I'm still not successfully using the GPU, but it's working decently quickly (with the base model - it's incredibly slow to use the Large model) using just the CPU. I'm going to have to check what magic stable-diffusion is doing to enable the GPU :(
There's a --device flag you can pass. I've been trying to get `--device cuda` to work on my Windows machine and it's saying that torch wasn't compiled with CUDA. Trying to figure out what's going on there.
And on the M1, supposedly PyTorch has support for hardware acceleration using MPS (Metal Performance Shaders, announced here https://pytorch.org/blog/introducing-accelerated-pytorch-tra...) but when I tried `--device mps` it blew up with an error "input types 'tensor<1x1280x3000xf16>' and 'tensor<1xf32>' are not broadcast compatible".
> I've been trying to get `--device cuda` to work on my Windows machine and it's saying that torch wasn't compiled with CUDA.
I struggled with the same. Here's what worked for me:
Use pip to uninstall pytorch first, should be "pip uninstall torch" or similar.
Find the CUDA version you got installed[1]. Go to PyTorch get started page[2] and use their guide/wizard to generate the pip string, and run that. I had to change pip3 to pip FWIW, and with Cuda 11.6 installed I ended up with "pip install torch torchvision torchaudio --extra-index-url https://download.pytorch.org/whl/cu116".

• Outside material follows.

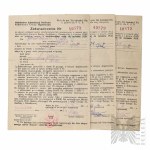 PSZnZ Set of 3 Certificates of the State Repatriation Office Paweł Rozwadowski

After that I could use --device cuda, and the difference was immense. On my 2080Ti it went from roughly an hour for a minute with large model, to 10-20 seconds.
Yep, same for me, on M1 after enabling MPS (with `model.to("mps")`) it just either SIGSEGV or SIGABRTs every time with that line. The extremely unclean nature of the abort is making it hard to debug :(
I noticed the size seems to correspond to the model. With a large model, the error is tensor<1x1280x3000xf16>. With tiny, it's tensor<1x384x3000xf16>, and with medium it's tensor<1x1024x3000xf16>. It also seems like a bad thing that those are f16's but the "expected" data is f32.
I'm giving up for the night, but https://github.com/Smaug123/whisper/pull/1/files at least contains the setup instructions that may help others get to this point. Got it working on the GPU, but it's… much much slower than the CPU? Presumably due to the 'aten::repeat_interleave.self_int' CPU fallback.
Also hitting a nice little PyTorch bug:
> File "/Users/patrick/Documents/GitHub/whisper/whisper/decoding.py", line 388, in apply
logits[:, self.tokenizer.encode(" ") + [self.tokenizer.eot]] = -np.inf
> RuntimeError: dst_.nbytes() >= dst_byte_offset INTERNAL ASSERT FAILED at "/Users/runner/work/pytorch/pytorch/pytorch/aten/src/ATen/native/mps/operations/Copy.mm":200, please report a bug to PyTorch.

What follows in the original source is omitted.